If X and Y are discrete random variables

$f_X(x) = P(x=X)=\sum_y P(X=x, Y=y)= \sum_y f(x,y)$ $f_Y(y) = P(y=Y)=\sum_x P(X=x, Y=y)= \sum_x f(x,y)$

Definition of marginal probability density functions

If X and Y are continuous random variables

$f_X(x) = \int_{-\infty}^{\infty} f(x,y) dy$ $f_Y(y) = \int_{-\infty}^{\infty} f(x,y) dx$

Definition of independency

X and Y are independent random variables if

$P(X \in A, Y \in B)=P(X \in A)P(Y \in B)$

Defintion of conditional probability mass functions

$f_{X|Y}(x|y) = P(X=x|Y=y)=\frac{P(X=x,Y=y)}{P(Y=y)}=\frac{f_{X,Y}(x,y)}{f_Y(y)}$

Defintion of conditional probability density functions

$f_{X|Y}(x|y) = \frac{f_{X,Y}(x,y)}{f_Y(y)}$

Multivariate distributions and iid samples

Definition of random vector

$X=(X_1,X_2,\dotsc,X_n)$

Definition of independency

$$X_1,\dotsc,X_n$$ are independent if

$P(X_1 \in A_1, \dotsc, X_n \in A_n)= \prod_{i=1}^{n} P(X_i \in A_i)$

or equivalently

$f(x_1,\dotsc,x_n)= \prod_{i=1}^{n} f_{X_i}(x_i)$

Definition of iid samples

$$X_1,\dotsc,X_n$$ are iid (independent and identically distributed) if

• $$X_1,\dotsc,X_n$$ are independent

• $$X_1,\dotsc,X_n$$ have the same marginal cumulative distribution function $$F$$ (or $$f$$)
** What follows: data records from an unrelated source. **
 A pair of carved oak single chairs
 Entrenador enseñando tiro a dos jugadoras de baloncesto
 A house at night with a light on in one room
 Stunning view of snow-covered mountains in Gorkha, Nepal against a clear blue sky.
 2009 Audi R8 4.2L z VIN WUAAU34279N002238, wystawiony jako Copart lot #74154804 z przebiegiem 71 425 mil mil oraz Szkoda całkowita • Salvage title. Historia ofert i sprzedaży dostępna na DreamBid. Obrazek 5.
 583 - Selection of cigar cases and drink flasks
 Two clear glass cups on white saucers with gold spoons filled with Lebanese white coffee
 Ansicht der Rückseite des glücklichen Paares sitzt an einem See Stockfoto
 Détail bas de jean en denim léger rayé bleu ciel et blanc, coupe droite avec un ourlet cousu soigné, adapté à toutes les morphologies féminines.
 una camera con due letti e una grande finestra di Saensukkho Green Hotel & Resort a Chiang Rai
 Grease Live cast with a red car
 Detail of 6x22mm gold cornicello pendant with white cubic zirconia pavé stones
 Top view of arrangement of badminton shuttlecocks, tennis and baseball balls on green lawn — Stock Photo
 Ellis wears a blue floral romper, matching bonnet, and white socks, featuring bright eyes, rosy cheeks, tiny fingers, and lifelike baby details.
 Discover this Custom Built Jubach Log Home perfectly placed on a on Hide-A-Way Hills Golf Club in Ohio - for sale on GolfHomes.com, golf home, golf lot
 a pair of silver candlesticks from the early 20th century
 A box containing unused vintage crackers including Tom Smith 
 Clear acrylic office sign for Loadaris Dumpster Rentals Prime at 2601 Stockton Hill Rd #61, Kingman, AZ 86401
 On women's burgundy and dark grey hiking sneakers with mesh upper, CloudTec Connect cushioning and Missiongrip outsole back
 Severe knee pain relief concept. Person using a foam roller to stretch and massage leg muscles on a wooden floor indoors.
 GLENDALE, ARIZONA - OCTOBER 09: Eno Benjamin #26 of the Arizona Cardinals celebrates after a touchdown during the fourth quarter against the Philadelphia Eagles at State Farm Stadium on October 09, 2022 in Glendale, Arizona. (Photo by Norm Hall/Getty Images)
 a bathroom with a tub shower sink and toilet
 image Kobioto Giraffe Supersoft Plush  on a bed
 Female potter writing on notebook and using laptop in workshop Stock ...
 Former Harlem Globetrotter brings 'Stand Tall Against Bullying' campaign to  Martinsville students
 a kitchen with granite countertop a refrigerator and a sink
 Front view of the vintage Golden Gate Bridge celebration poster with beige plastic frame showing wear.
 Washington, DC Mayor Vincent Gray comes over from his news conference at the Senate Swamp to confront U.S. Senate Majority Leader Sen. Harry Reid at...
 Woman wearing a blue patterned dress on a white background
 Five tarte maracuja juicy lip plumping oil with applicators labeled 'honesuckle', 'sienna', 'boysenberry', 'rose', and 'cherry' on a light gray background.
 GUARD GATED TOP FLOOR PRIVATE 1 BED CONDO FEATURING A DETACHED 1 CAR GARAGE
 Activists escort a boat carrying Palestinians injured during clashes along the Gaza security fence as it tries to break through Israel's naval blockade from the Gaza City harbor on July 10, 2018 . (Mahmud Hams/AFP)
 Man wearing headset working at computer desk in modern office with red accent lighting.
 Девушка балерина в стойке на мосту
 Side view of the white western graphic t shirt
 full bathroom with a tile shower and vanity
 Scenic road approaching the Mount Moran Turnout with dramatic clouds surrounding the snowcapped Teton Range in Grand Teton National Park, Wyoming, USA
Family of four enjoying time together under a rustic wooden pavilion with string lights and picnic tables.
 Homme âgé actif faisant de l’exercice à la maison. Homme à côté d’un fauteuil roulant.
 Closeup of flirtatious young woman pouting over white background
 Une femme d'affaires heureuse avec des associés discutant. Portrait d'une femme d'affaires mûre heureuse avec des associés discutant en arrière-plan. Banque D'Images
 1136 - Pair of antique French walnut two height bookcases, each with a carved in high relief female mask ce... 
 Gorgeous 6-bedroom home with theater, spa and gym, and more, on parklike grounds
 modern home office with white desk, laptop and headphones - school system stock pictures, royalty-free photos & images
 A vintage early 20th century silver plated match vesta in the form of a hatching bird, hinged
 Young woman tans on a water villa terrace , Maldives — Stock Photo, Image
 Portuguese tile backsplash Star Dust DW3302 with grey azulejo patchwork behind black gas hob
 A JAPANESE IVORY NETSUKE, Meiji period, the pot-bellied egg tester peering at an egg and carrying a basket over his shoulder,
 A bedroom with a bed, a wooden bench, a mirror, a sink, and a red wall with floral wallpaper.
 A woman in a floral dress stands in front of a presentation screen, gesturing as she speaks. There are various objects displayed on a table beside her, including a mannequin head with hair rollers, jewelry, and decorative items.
We say that $$X_1,\dotsc,X_n \sim F$$

and call $$X_1,\dotsc,X_n$$ a random sample of size n from $$F$$. Much of statistics deals with random samples.

References

Gabbiani, F., & Cox, S. J. (2010). Mathematics for neuroscientists. Academic Press. Chicago

Knoblauch, K., & Maloney, L. T. (2012). Modeling Psychophysical Data in R. New York: Springer.

Wasserman, L. All of statistics (2004). Springer Science & Business Media.